■ DATA EXTRACT:
Segment Open
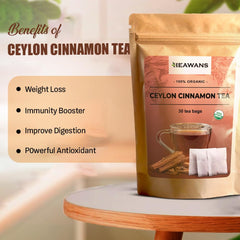 In-hand shot of Heawans tea bags suggests easy daily use.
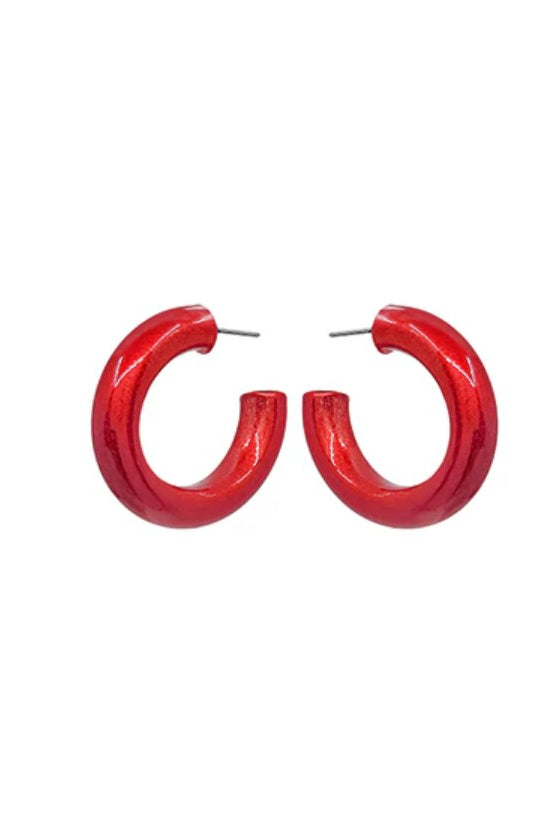Red hoop earrings on a white background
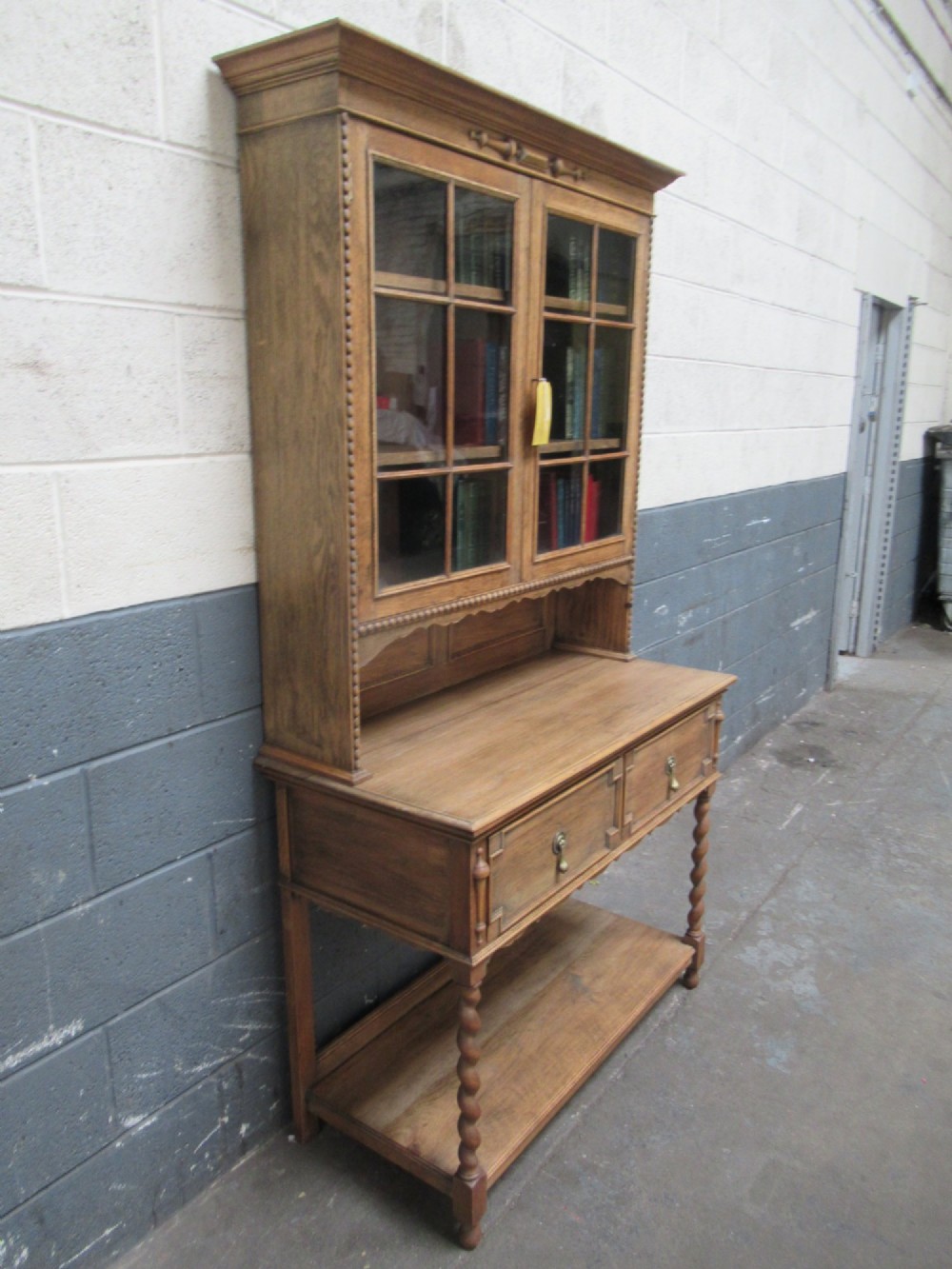 A 1920s oak two-door glazed bookcase featuring upper glass display cabinet, two geometric-moulded drawers, and barley twist legs with a lower undertier shelf. View II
Segment Closed
■ WHAT IS NEEDED: When you retype the listing, keep every line exactly as it is and drop the pictures.

■ TASK RESULT:
 In-hand shot of Heawans tea bags suggests easy daily use.
Red hoop earrings on a white background
 A 1920s oak two-door glazed bookcase featuring upper glass display cabinet, two geometric-moulded drawers, and barley twist legs with a lower undertier shelf. View II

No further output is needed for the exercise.